Ms Aubert’s second affidavit of 4 December 2023 is 47 pages in length and responds to Ms Cranmore’s trial affidavit where Ms Aubert says at [4]:
It is difficult to know how to respond to what feels like an avalanche of accusations, allegations and concerns about me in [Ms Cranmore’s] affidavit, without filing an Affidavit of the same or greater length. I do not believe that doing so will be helpful to the Court or constructive for [Ms Cranmore’s] and my ongoing co-parenting relationship of [X]. I have therefore largely limited my response to matters that, in my view, may assist this Honourable Court in its determination of these proceedings. My lack of response to each and every allegation made, and concern raised, by [Ms Cranmore] does not amount to an admission or concession.
Ms Aubert’s cross-examination over three days exposed her as a strong and determined personality. She presented as cosmopolitan and successful in broad aspects of her life. I observed her as devoted to her relationship with X as evidenced by her relinquishing of Board positions but also infiltrated by a deep mistrust of Ms Cranmore and a propensity for some criticism. Her responses in what was a vigorous, and at times intrusive cross-examination were direct and consistent with her personality. Generally, I saw Ms Aubert to be an honest and candid witness but one child focused rather than the “competitor” painted of her by Ms Cranmore.

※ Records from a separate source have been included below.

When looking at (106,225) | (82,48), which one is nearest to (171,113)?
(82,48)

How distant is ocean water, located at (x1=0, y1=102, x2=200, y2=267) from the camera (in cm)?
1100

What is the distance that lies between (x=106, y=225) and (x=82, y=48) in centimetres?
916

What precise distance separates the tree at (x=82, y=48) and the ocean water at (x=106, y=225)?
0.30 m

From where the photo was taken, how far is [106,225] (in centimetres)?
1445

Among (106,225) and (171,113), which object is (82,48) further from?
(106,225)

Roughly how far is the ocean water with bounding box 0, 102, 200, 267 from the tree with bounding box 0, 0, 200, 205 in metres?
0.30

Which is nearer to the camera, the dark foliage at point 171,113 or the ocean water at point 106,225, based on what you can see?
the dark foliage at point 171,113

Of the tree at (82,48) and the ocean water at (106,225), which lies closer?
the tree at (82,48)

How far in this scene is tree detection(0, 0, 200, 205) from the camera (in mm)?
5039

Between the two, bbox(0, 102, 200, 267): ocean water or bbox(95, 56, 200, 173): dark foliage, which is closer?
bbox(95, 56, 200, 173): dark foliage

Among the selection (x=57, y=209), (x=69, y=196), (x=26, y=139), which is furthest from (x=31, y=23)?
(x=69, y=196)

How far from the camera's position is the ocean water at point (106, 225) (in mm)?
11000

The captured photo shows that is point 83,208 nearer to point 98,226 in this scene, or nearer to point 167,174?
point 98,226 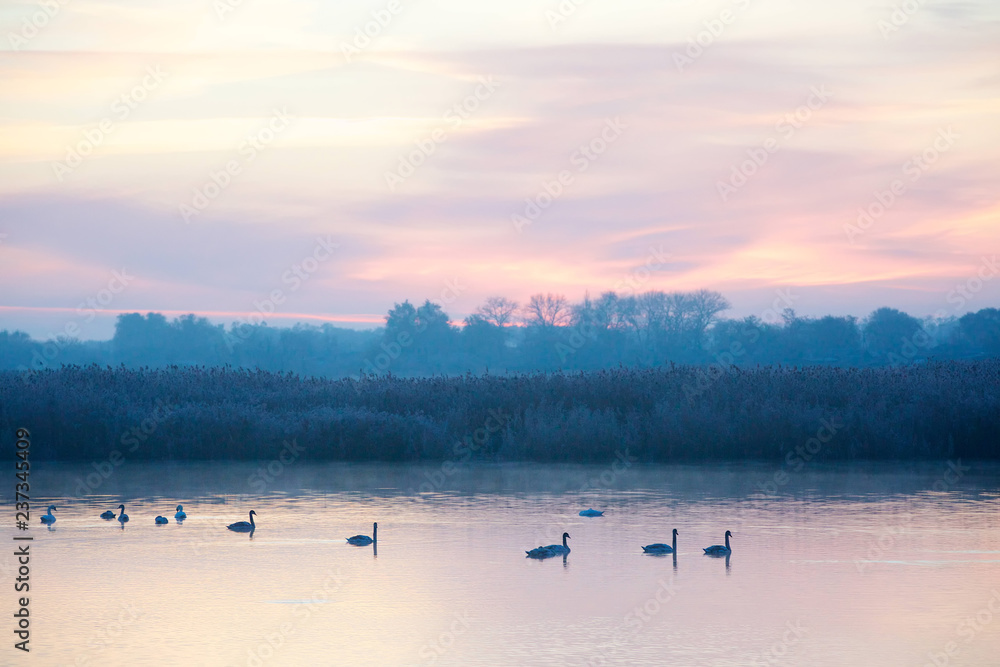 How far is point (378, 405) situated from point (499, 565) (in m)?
13.3

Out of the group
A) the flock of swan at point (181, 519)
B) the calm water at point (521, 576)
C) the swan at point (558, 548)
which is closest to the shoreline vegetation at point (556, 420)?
the calm water at point (521, 576)

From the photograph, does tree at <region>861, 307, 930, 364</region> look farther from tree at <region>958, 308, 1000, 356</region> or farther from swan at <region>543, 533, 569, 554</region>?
swan at <region>543, 533, 569, 554</region>

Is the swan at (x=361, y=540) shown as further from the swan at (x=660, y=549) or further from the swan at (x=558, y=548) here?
the swan at (x=660, y=549)

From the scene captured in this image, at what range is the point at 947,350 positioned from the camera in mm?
50688

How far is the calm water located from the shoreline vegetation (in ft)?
11.0

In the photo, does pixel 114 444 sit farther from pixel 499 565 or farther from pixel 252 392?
pixel 499 565

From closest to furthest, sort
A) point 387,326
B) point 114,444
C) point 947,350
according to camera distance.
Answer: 1. point 114,444
2. point 947,350
3. point 387,326

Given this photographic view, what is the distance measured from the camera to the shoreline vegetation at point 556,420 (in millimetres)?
21688

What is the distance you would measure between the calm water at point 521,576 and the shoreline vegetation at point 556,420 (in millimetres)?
3359

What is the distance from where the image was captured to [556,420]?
22.8 meters

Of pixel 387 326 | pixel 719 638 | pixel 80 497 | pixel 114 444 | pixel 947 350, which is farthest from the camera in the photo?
pixel 387 326

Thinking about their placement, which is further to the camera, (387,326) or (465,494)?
(387,326)

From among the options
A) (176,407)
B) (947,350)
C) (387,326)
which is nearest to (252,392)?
(176,407)

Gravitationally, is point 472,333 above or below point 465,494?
above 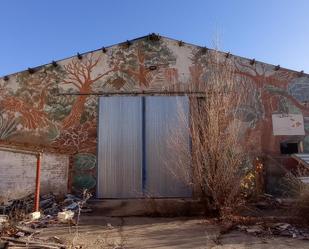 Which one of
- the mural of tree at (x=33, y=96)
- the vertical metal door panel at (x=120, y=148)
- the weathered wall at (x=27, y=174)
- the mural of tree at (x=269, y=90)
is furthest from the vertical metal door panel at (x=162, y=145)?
the mural of tree at (x=33, y=96)

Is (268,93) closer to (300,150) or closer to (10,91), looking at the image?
(300,150)

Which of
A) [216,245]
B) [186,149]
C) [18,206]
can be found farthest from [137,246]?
[18,206]

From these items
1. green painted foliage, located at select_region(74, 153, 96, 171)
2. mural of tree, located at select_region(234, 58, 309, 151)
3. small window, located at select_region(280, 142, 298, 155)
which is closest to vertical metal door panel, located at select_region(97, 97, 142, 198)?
green painted foliage, located at select_region(74, 153, 96, 171)

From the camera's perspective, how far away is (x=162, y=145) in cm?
1359

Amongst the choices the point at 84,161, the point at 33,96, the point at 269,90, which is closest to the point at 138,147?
the point at 84,161

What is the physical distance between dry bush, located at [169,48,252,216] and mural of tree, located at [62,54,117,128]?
13.5ft

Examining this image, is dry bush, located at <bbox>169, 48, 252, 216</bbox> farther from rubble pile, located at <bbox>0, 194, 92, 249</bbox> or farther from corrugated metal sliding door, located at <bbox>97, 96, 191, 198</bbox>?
rubble pile, located at <bbox>0, 194, 92, 249</bbox>

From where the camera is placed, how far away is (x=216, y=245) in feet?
25.6

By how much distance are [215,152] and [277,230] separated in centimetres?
265

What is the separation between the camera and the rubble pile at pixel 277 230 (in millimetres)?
8617

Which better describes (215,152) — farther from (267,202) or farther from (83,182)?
(83,182)

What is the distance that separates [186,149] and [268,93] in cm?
469

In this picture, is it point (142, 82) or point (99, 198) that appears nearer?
point (99, 198)

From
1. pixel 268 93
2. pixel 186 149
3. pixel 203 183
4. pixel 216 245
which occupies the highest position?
pixel 268 93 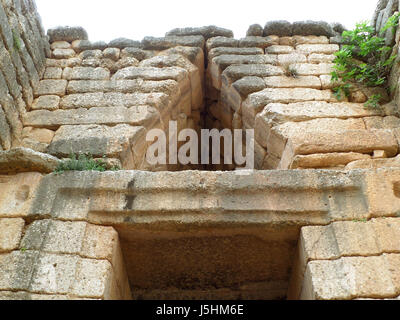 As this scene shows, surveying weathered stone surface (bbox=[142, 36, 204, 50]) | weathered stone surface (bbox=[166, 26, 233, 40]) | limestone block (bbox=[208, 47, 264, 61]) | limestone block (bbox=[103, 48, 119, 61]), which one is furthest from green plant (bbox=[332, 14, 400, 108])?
limestone block (bbox=[103, 48, 119, 61])

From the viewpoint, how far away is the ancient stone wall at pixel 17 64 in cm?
418

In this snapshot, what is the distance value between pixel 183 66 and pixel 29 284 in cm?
324

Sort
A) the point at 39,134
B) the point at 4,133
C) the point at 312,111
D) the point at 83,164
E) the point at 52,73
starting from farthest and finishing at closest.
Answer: the point at 52,73 → the point at 312,111 → the point at 39,134 → the point at 4,133 → the point at 83,164

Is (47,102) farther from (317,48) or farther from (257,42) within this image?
(317,48)

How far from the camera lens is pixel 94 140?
166 inches

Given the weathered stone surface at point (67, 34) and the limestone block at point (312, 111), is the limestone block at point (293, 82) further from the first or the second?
the weathered stone surface at point (67, 34)

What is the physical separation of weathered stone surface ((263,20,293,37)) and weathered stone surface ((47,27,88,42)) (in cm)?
244

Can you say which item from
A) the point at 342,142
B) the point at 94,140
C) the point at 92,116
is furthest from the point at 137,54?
the point at 342,142

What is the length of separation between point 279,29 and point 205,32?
990 mm

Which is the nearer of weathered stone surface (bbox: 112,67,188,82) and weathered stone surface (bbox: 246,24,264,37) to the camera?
weathered stone surface (bbox: 112,67,188,82)

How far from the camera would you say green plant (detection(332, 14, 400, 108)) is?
4.80 m

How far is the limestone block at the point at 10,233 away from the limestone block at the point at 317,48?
3.93 m

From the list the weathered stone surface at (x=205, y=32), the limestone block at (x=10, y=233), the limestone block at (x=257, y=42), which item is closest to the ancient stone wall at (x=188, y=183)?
the limestone block at (x=10, y=233)

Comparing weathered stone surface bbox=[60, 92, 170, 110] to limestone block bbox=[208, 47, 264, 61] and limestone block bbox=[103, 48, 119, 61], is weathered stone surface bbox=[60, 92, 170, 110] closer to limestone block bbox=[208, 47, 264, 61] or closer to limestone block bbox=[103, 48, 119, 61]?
limestone block bbox=[103, 48, 119, 61]
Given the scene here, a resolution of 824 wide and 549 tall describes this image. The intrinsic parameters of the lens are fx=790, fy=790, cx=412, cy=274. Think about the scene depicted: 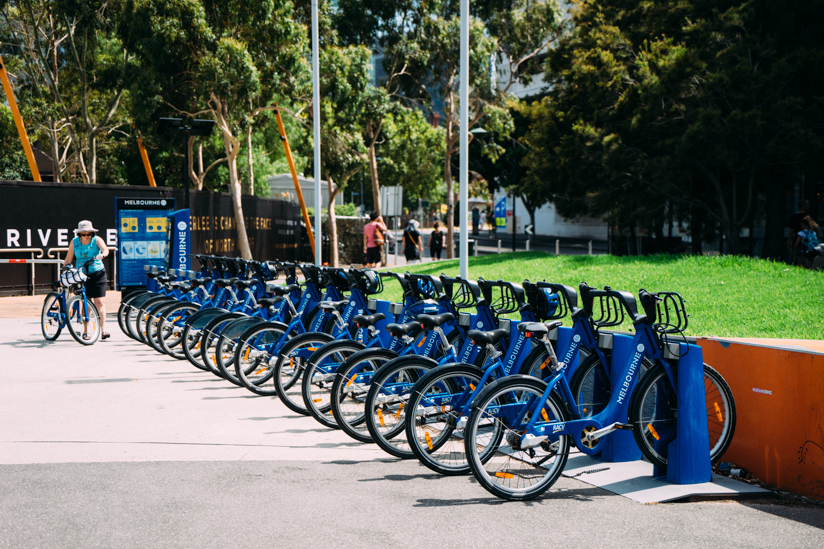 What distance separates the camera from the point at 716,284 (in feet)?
41.5

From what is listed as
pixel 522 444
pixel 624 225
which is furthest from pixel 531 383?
pixel 624 225

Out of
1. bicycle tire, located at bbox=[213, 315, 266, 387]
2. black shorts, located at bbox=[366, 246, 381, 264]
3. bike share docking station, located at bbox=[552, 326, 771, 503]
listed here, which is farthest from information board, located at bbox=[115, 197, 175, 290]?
bike share docking station, located at bbox=[552, 326, 771, 503]

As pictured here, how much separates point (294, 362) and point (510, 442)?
286 centimetres

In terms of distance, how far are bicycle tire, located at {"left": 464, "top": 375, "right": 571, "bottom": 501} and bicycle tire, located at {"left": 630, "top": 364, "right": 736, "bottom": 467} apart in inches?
20.0

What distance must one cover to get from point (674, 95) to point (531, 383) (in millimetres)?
16038

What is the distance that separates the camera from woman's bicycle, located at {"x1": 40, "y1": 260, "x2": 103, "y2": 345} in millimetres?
11617

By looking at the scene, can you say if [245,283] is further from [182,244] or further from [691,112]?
[691,112]

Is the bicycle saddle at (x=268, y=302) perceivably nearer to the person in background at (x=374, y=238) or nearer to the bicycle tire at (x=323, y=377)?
the bicycle tire at (x=323, y=377)

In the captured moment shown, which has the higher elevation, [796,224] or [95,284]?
[796,224]

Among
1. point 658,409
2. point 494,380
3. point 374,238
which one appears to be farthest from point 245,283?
point 374,238

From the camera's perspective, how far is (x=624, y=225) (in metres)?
23.2

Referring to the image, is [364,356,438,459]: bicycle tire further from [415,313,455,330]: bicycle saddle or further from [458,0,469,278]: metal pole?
[458,0,469,278]: metal pole

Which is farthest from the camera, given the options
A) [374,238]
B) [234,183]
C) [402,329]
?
[234,183]

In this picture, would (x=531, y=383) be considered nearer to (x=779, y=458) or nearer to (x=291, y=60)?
(x=779, y=458) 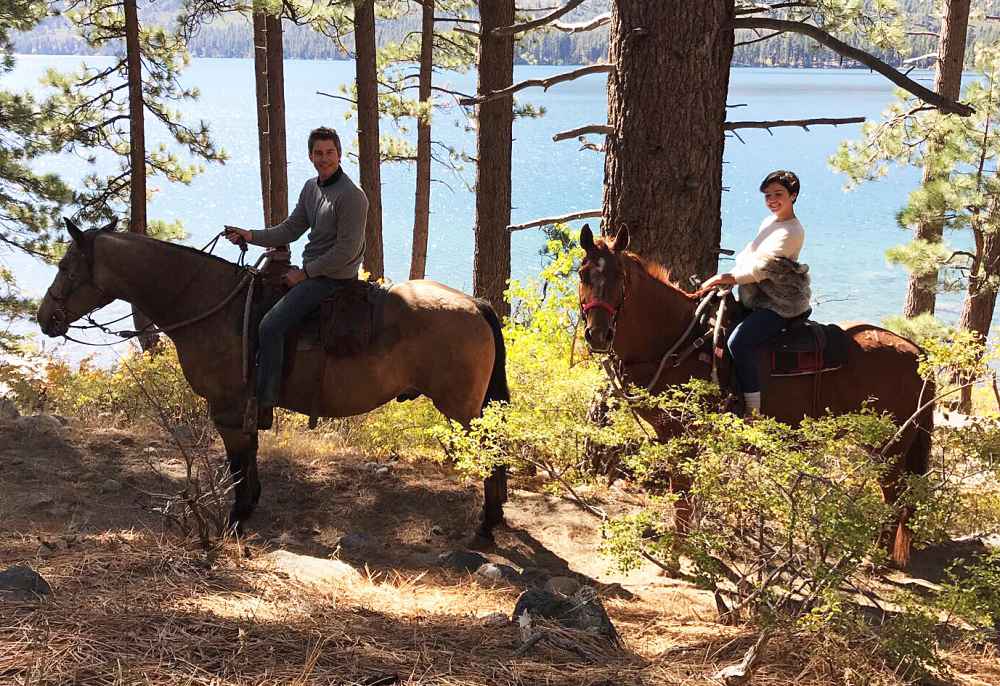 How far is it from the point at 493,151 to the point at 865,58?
18.2ft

It is not difficult to infer, however, that Ms Aubert’s strong personality would be a contributing factor to conflict between the mothers. Ms Aubert’s tendency to “lawyer up” as demonstrated by the misguided letter from her solicitors to a private school principal does her no credit. Similarly, as with Ms Cranmore, an inclination to engage the police on relatively innocuous disputes is not child focused.
MS CRANMORE
Ms Cranmore also presented as an intelligent, articulate, worldly and successful woman who is clearly devoted to X. Ms Cranmore’s personal bitterness towards Ms Aubert throughout her affidavits and in her evidence in Court was, however, palpable.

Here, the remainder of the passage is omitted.